Well now that I've given all the athletes mono there goes our chance of winning any conference championship
It's not my fault. Someone keeps buying me tequila shots. Idk who. But every time I look down there's another. I think there's a conspiracy.
Walking back from greek row alone at 3:30am in a child's kangaroo suit...not my proudest moment
I can't see straight with both eyes and ive only been at the bar for an hour. Someone else typed this for me.
He woke up, got my bottle of water and poured it on me and then went back to sleep. Not really how I want to wake up at 2 a.m.

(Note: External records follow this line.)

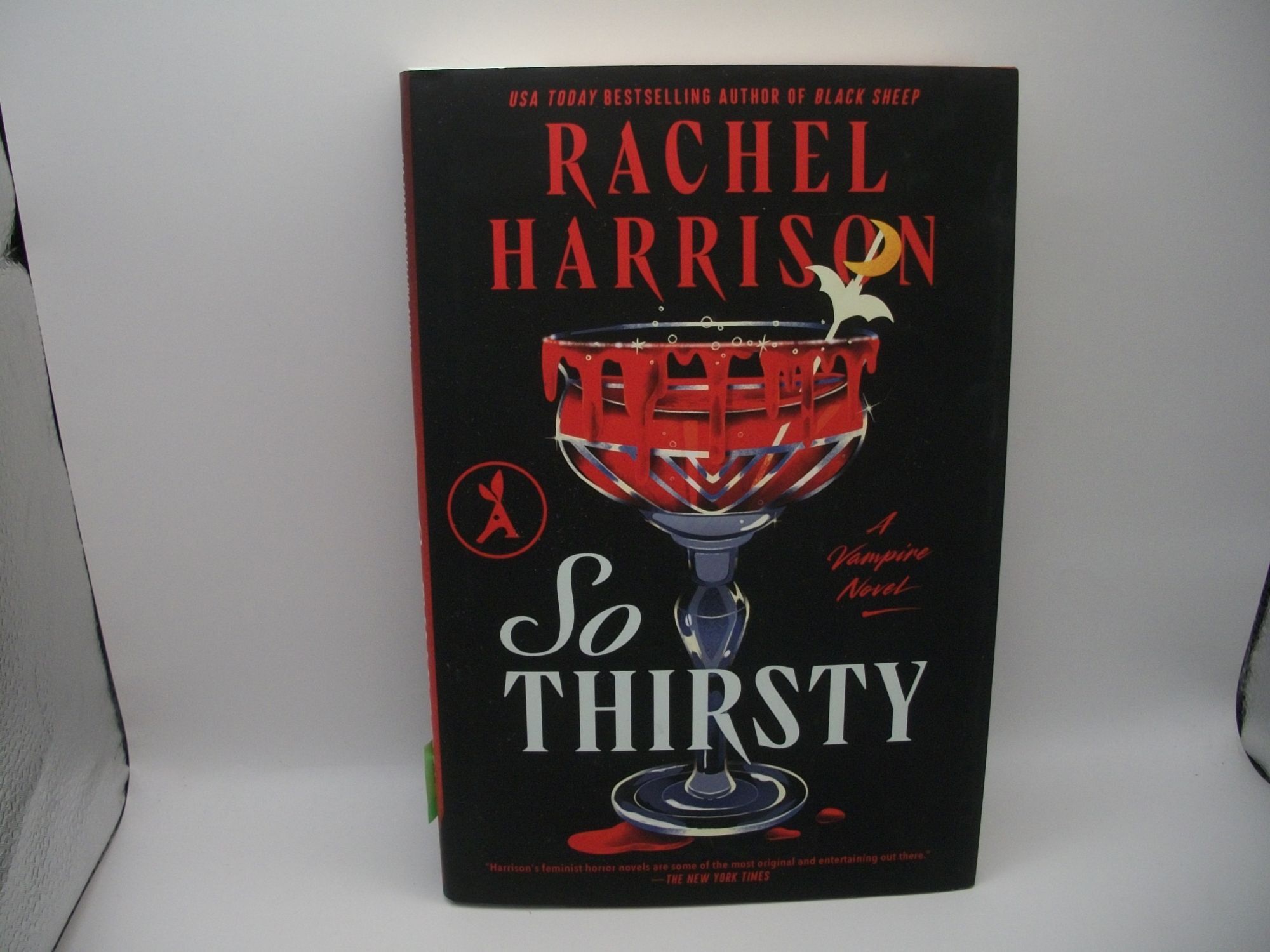 So Thirsty | Rachel Harrison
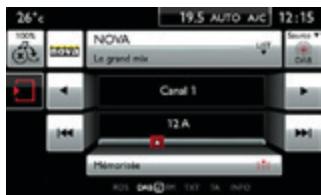 CITROEN C4 CACTUS 2014 - FONCTIONNEMENT GÉNÉRAL - 3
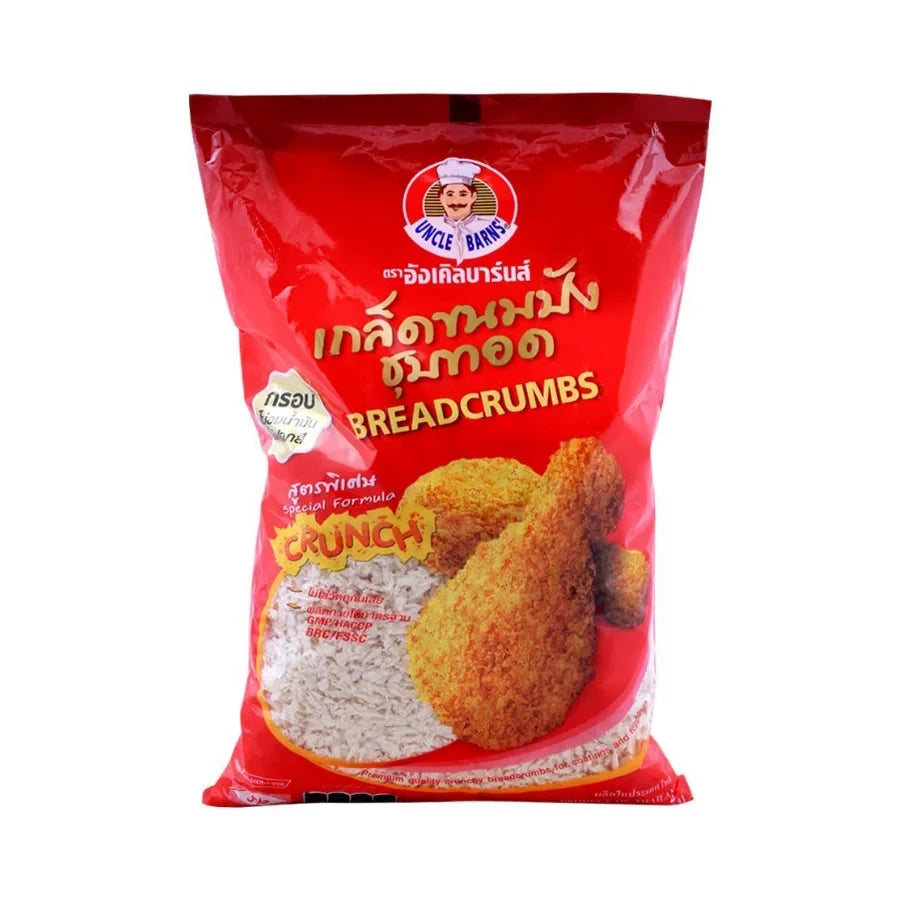 UNCLE BREAD CRUMBS CRUNCH 500G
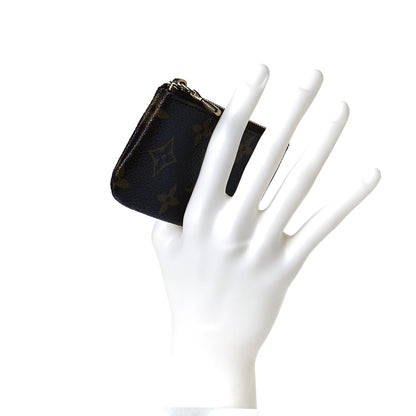 Louis Vuitton Monogram Key Pouch 7 of 7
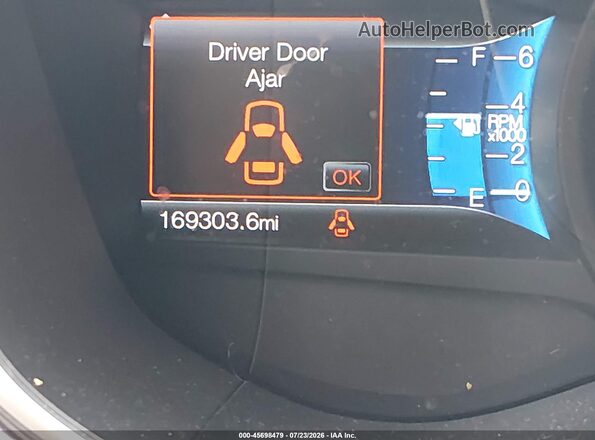 3FA6P0H94GR340096 2016 FORD FUSION White 
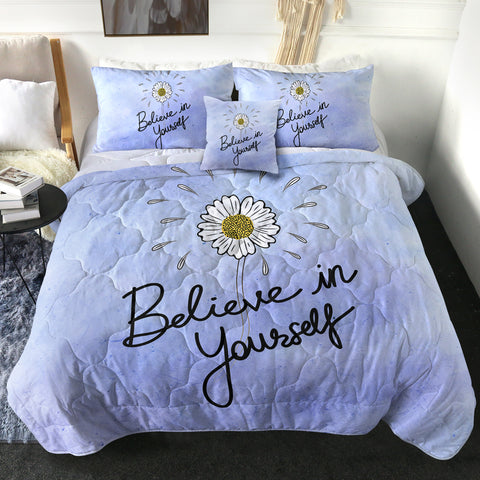 Image of Daisy - Believe in Yourself SWBD3473 Comforter Set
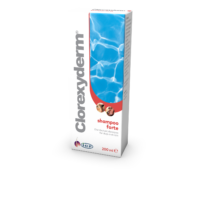 Clorexyderm® shampoo forte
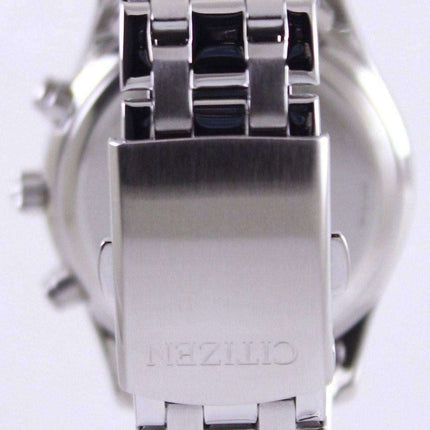 Citizen Eco-Drive AML Chronograph FB1360-54D Women's Watch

I don't appreciate the fact that you tagged me as a giant bucket Miracle Whip.
So heartbroken my rebound has a rebound
easter 2014 is on 4/20 THIS IS NOT A DRILL YOUR FAMILY WILL EXPECT YOU TO BE HOME AND SOBER I REPEAT THIS IS NOT A DRILL
The neighbor just yelled bring me back that big red alien penis.
The girl neighbor.
Idk I was embarrassed that I hit it too hard so I played it off by spitting out bong water like a 'whales blowhole'
He gave me a script of norcos and touched my balls so overall it's been a good day.
I should probably stop recommending my dentist to the different guys I'm seeing. That could be awkward in the future.
Would you still love me and fuck me doggie style if I had a dinosaur tramp stamp?
Between his smile and monumental dick even the virgin mary woulda blown that man and I am far from the virgin. I didn't stand a chance.